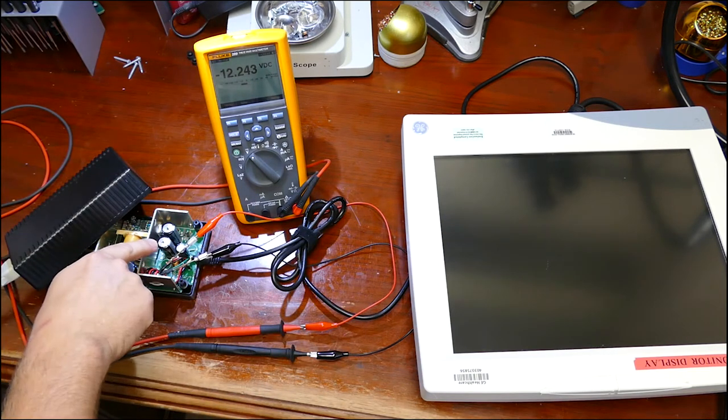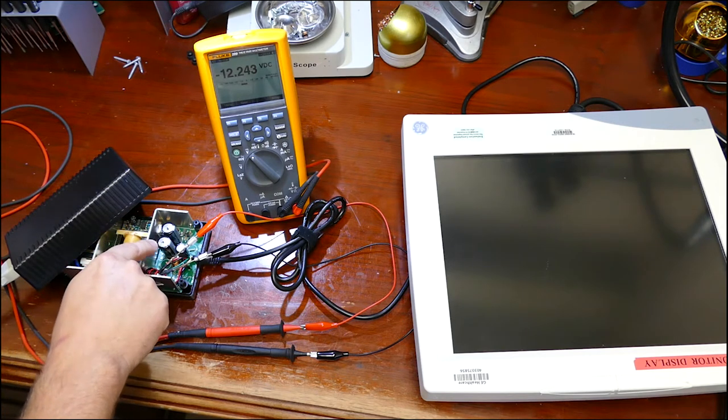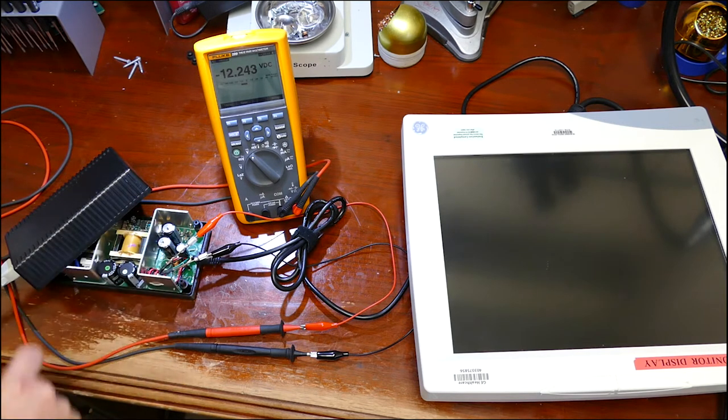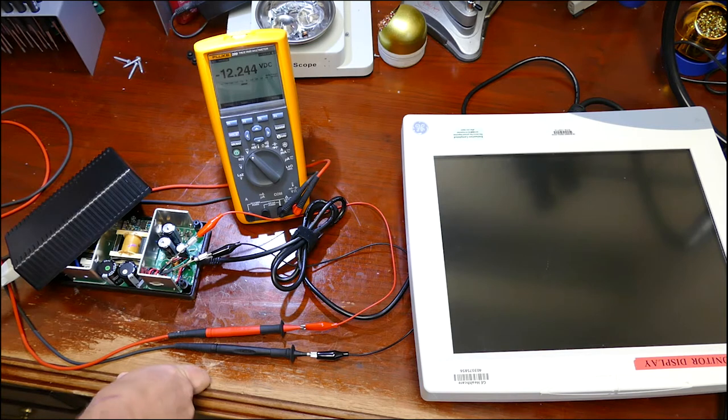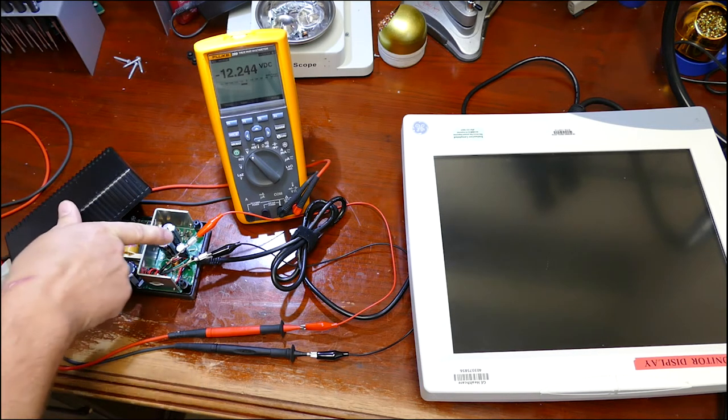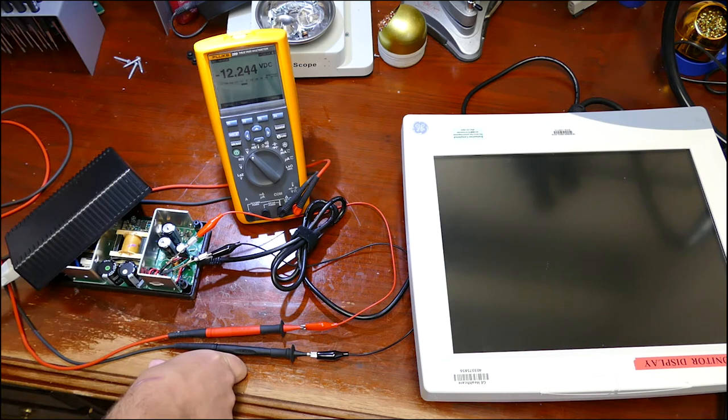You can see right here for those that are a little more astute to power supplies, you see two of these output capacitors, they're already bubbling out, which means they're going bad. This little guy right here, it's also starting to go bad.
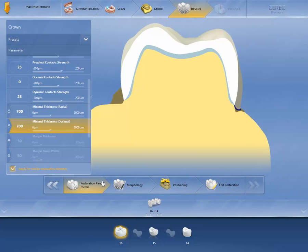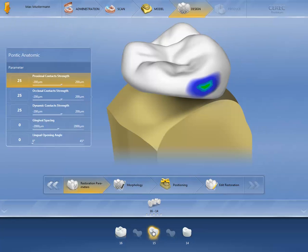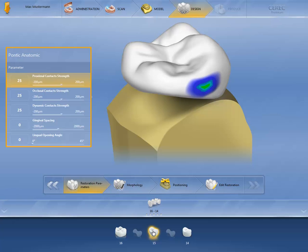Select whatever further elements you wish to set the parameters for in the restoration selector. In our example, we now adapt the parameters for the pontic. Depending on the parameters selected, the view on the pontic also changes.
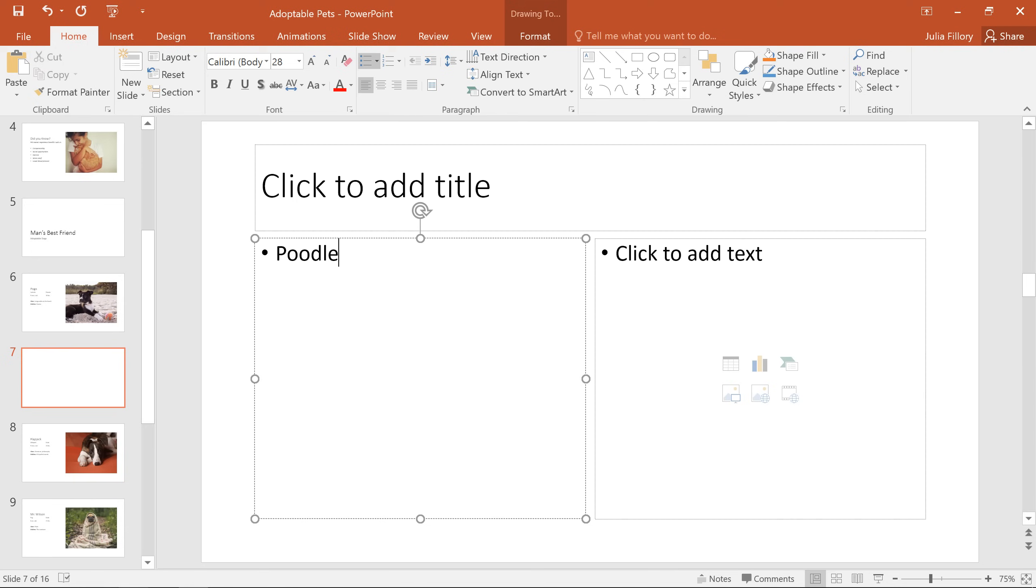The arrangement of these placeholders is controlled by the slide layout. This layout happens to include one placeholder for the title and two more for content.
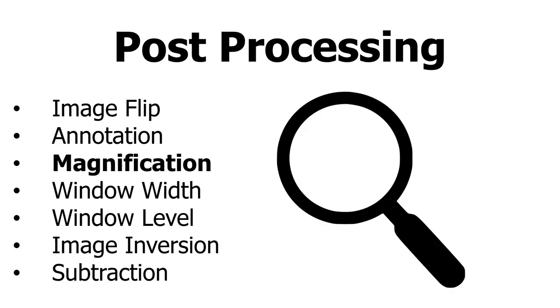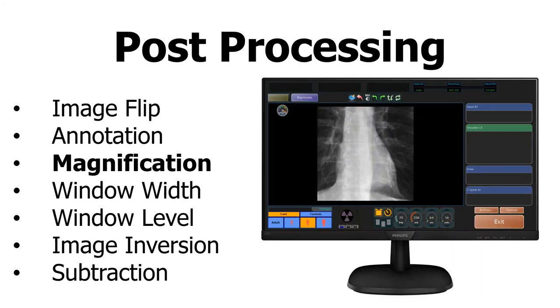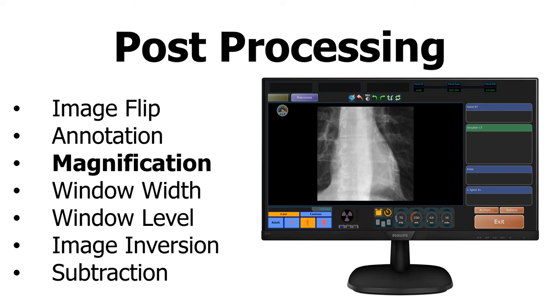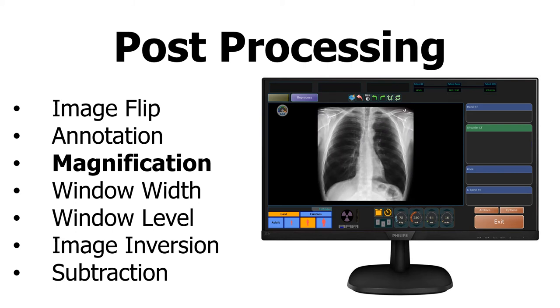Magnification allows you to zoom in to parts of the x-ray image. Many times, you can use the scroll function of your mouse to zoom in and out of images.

▬▬▬

EXERCISE:
Nothing but the text is wanted: repeat the data above exactly, without its images.

WRITTEN SOLUTION:
You can see right here for those that are a little more astute to power supplies, you see two of these output capacitors, they're already bubbling out, which means they're going bad. This little guy right here, it's also starting to go bad.
Select whatever further elements you wish to set the parameters for in the restoration selector. In our example, we now adapt the parameters for the pontic. Depending on the parameters selected, the view on the pontic also changes.
The arrangement of these placeholders is controlled by the slide layout. This layout happens to include one placeholder for the title and two more for content.
Magnification allows you to zoom in to parts of the x-ray image. Many times, you can use the scroll function of your mouse to zoom in and out of images.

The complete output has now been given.